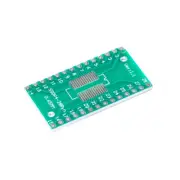 20PCS SOP28/SSOP28/TSSOP28 to DIP Turn DIP28 Pinboard PCB Adapter Plate Board IC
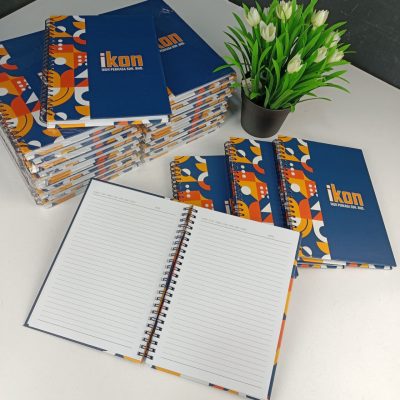 Wire O Notebook (Hard Cover)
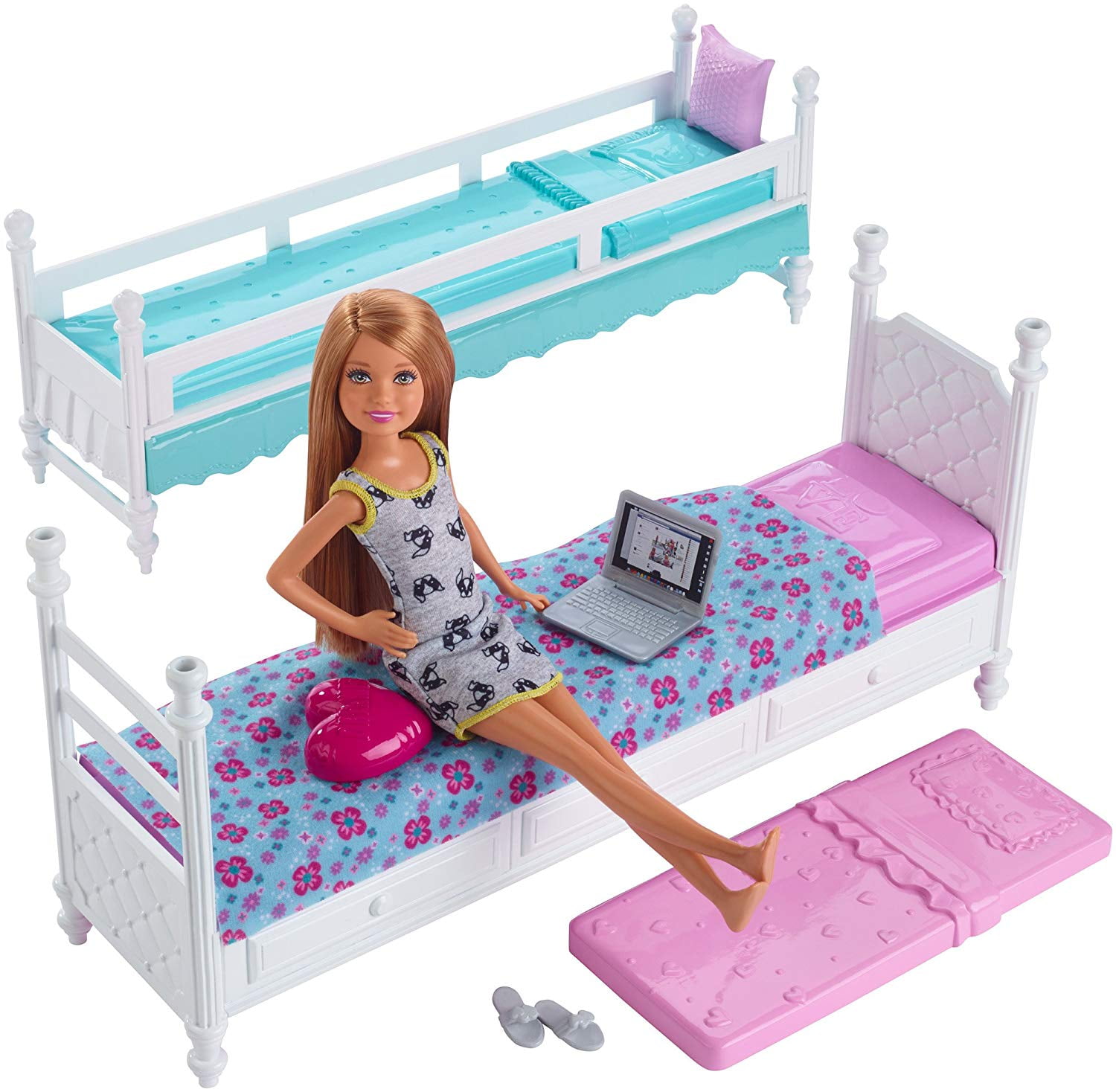 barbie chelsea bunk bed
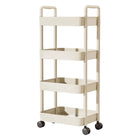 Multi-Layer Storage Trolley – Floor Rack with Handle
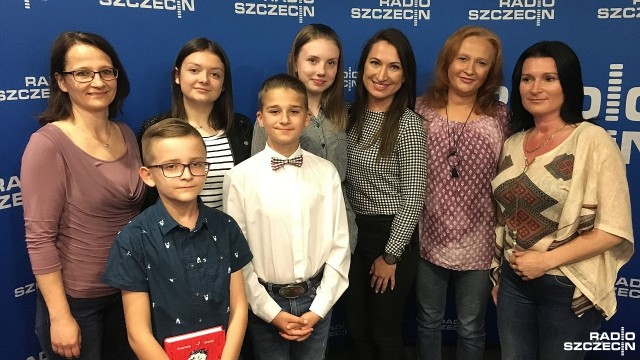 Uczestnicy Lekturiady w Radiu Szczecin. Nie spodziewałam się, że zajdę aż tak wysoko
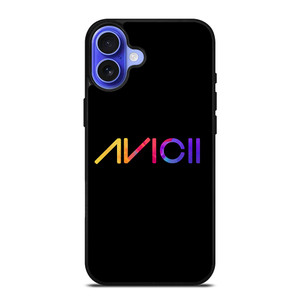 AVICII TIM BERGLING DJ LOGO iPhone 16 Case Cover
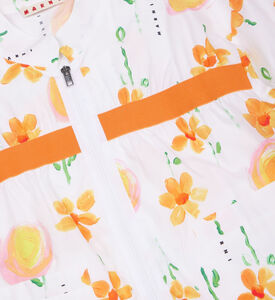 Girl Sunny Day Floral Jacket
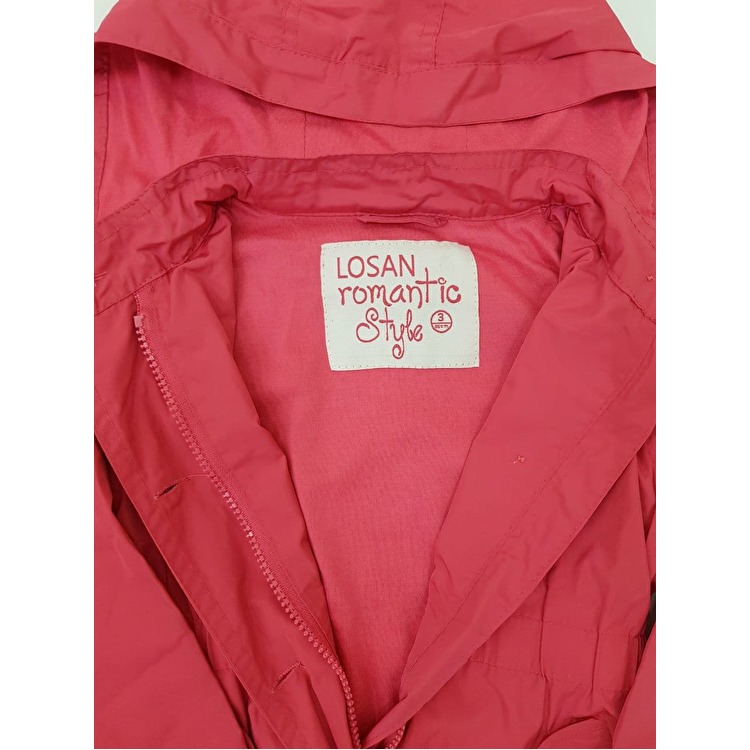 Вітровка Losan Kids girls (316-2001AD/719) Малиновий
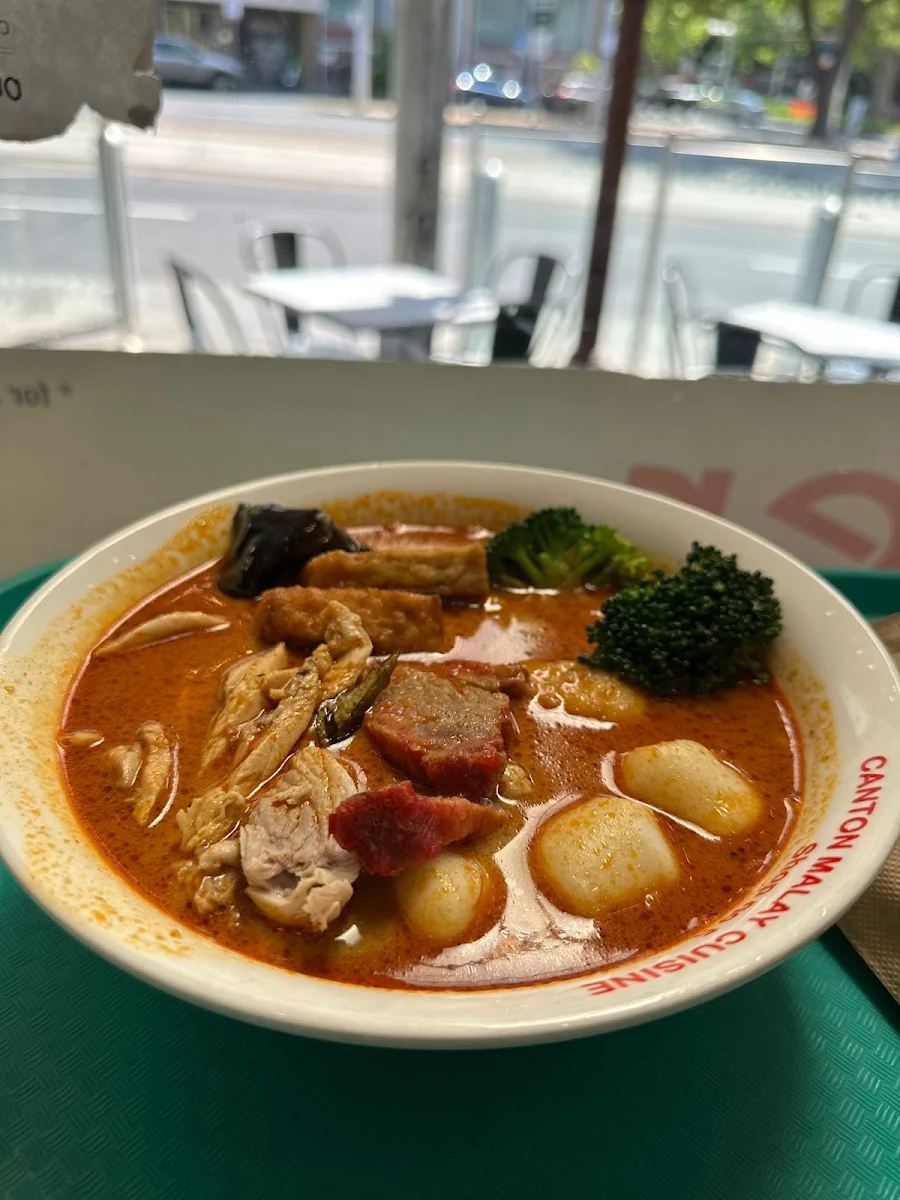 Combination Curry Laksa, Canton Malay Cuisine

#####

WHAT YOU NEED TO DO: Copy every record exactly; no pictures.

RESULT OF THIS EXERCISE:
 20PCS SOP28/SSOP28/TSSOP28 to DIP Turn DIP28 Pinboard PCB Adapter Plate Board IC
 Wire O Notebook (Hard Cover)
 barbie chelsea bunk bed
 Multi-Layer Storage Trolley – Floor Rack with Handle
 Uczestnicy Lekturiady w Radiu Szczecin. Nie spodziewałam się, że zajdę aż tak wysoko
 AVICII TIM BERGLING DJ LOGO iPhone 16 Case Cover
 Girl Sunny Day Floral Jacket
 Вітровка Losan Kids girls (316-2001AD/719) Малиновий
 Combination Curry Laksa, Canton Malay Cuisine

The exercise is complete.